- _WHAT THE EXERCISE ASKS_
Among the lines of the listing below, retype exactly those from the one containing "Casadei Double Face" through the one containing "RA, 1891 census", both included. Do not include pictures.

- _EXTRACTED RECORDS_

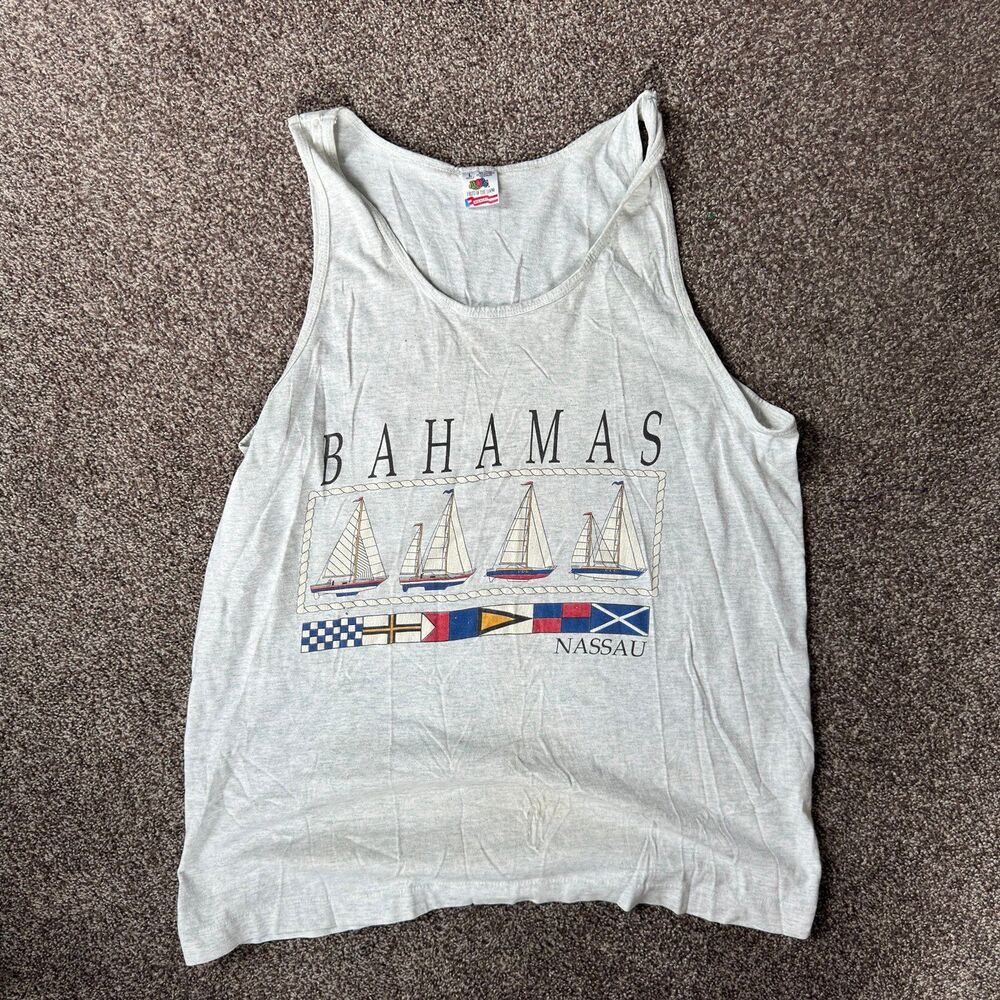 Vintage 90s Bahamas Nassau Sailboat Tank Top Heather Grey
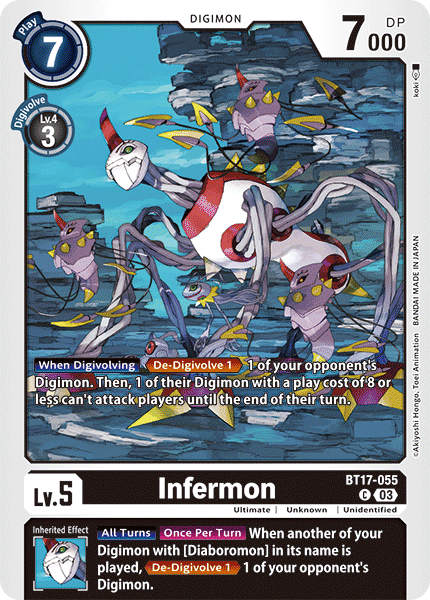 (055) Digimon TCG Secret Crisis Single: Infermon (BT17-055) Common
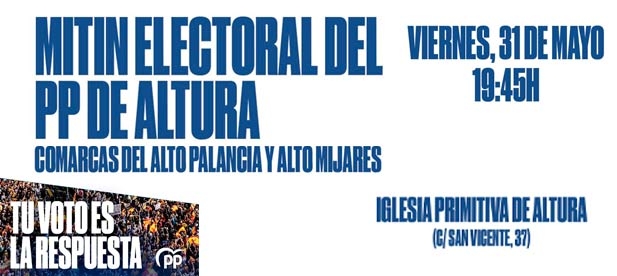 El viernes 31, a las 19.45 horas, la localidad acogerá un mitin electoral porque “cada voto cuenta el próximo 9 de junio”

---

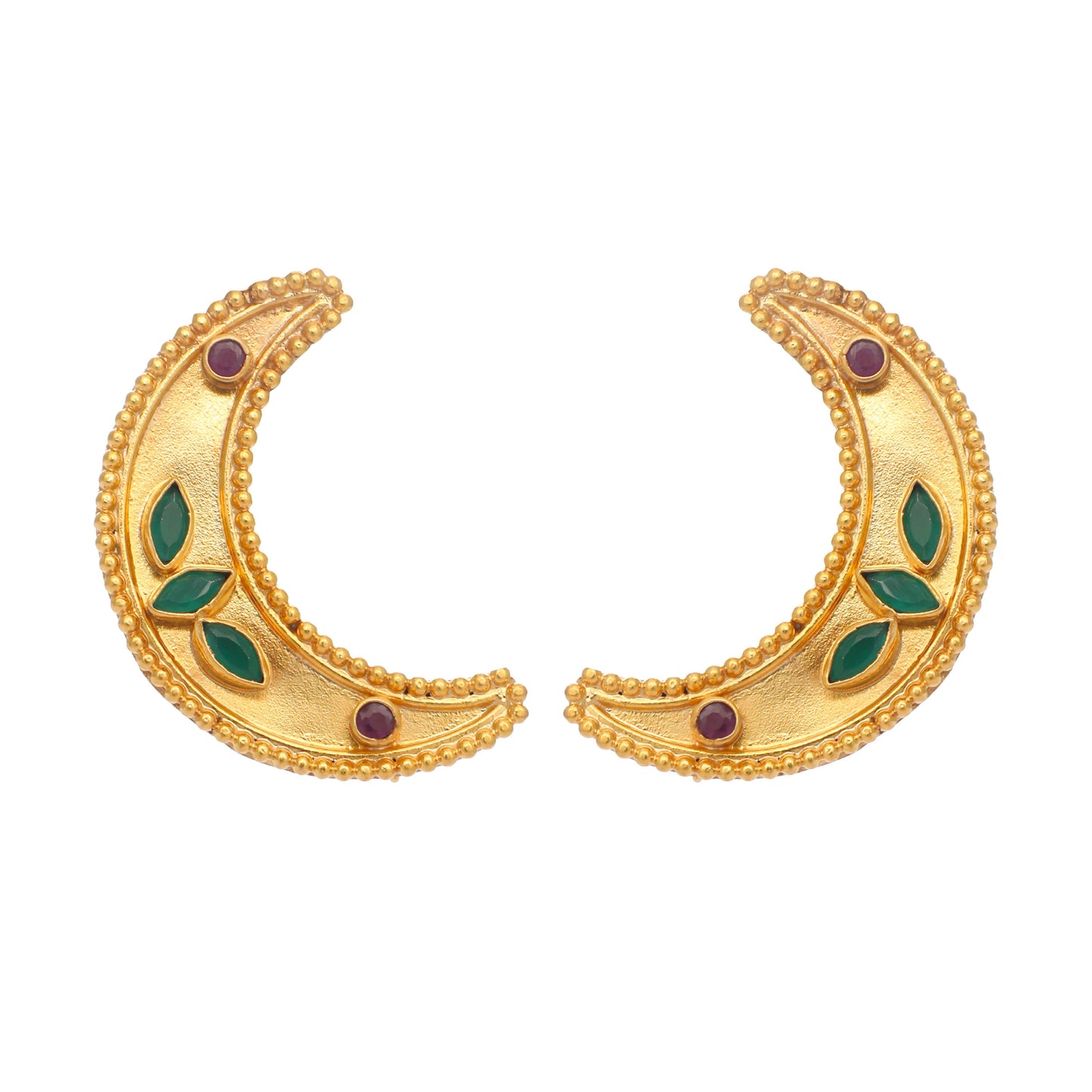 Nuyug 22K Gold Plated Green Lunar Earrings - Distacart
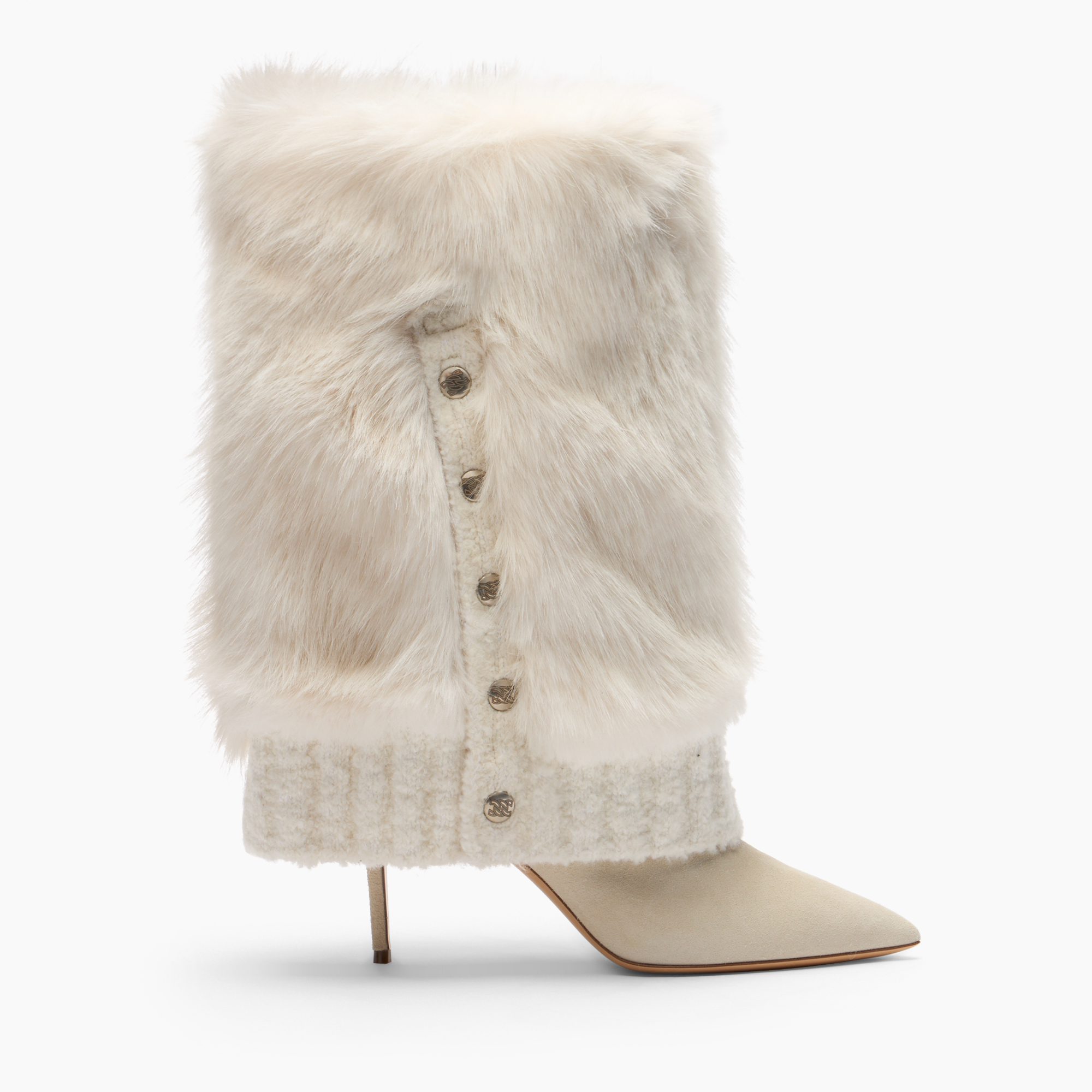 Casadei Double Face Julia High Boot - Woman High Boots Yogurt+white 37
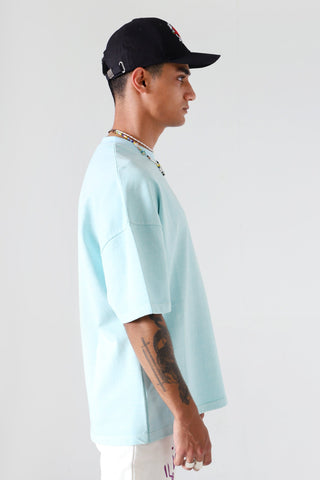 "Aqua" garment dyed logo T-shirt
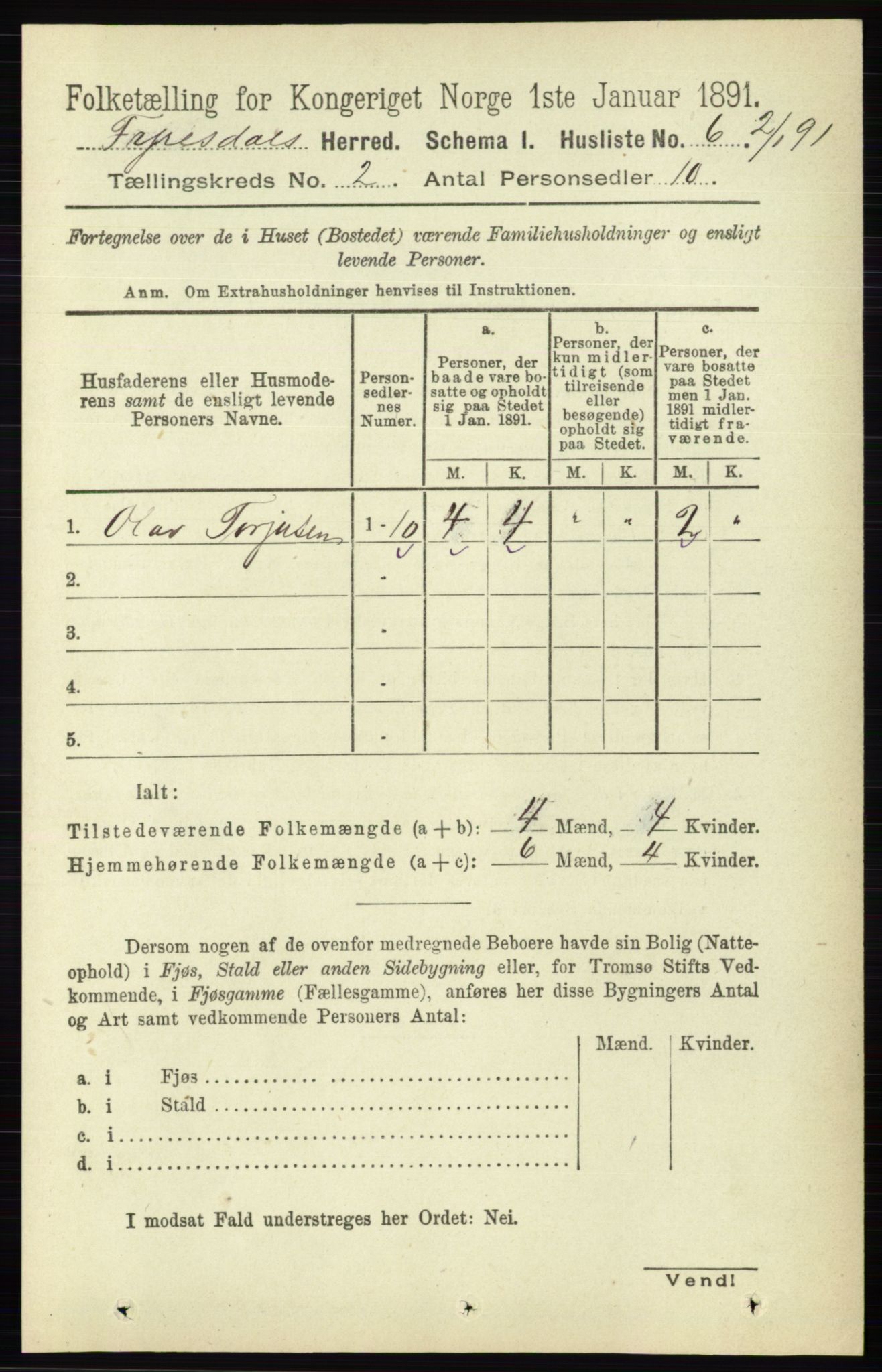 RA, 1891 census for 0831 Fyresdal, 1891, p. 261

--

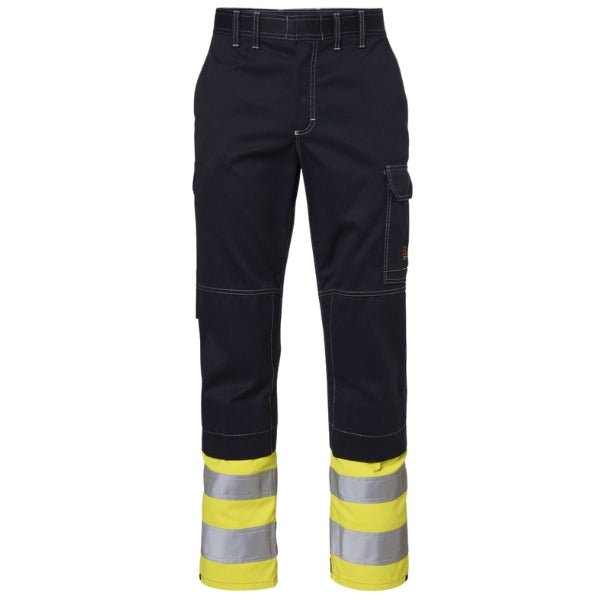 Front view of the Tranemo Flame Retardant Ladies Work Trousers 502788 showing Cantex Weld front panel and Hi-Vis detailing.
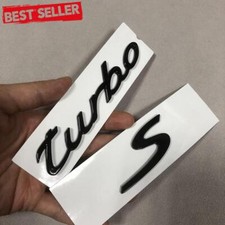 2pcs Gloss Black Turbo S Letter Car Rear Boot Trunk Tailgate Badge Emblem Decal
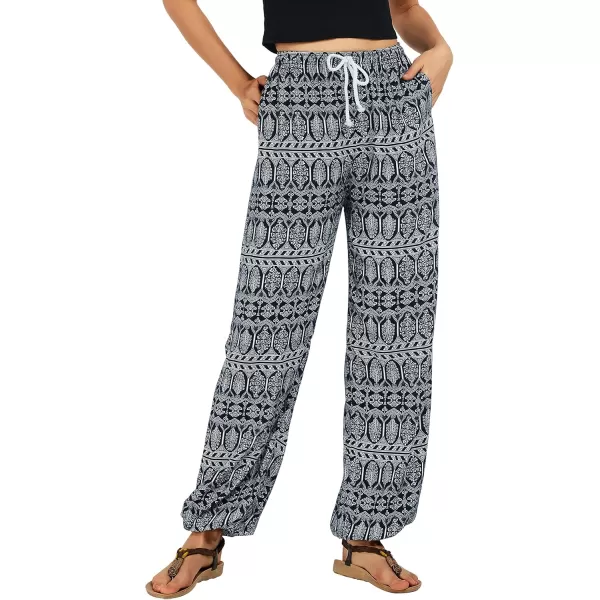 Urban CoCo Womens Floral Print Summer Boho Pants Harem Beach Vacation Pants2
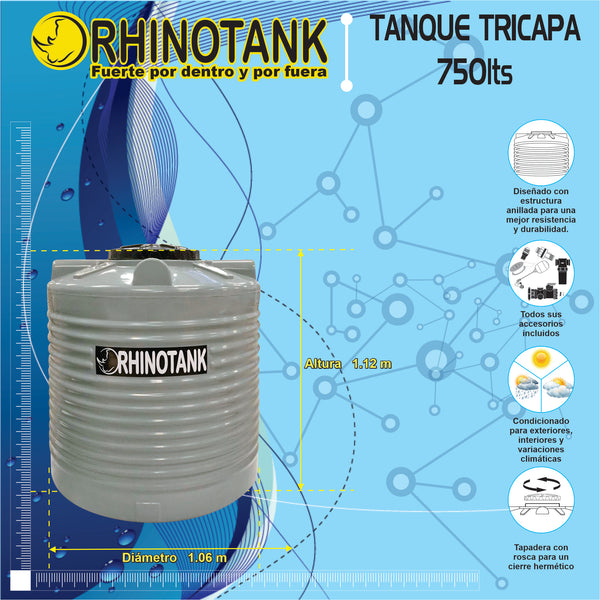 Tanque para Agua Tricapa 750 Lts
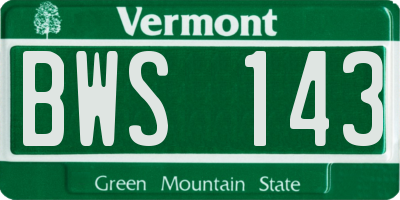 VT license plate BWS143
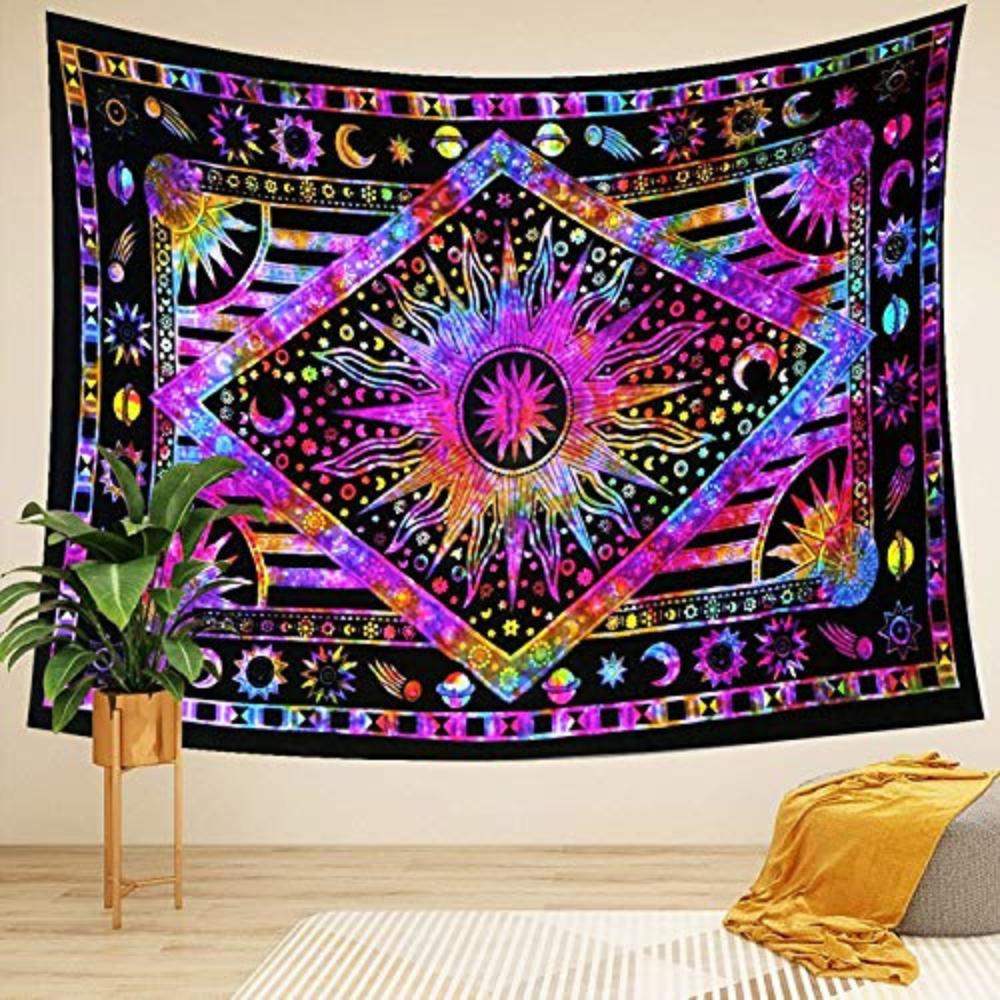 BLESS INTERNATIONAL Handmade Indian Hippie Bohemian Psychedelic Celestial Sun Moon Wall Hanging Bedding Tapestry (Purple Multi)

- _ANSWER BOX_
 Casadei Double Face Julia High Boot - Woman High Boots Yogurt+white 37
 "Aqua" garment dyed logo T-shirt
 RA, 1891 census for 0831 Fyresdal, 1891, p. 261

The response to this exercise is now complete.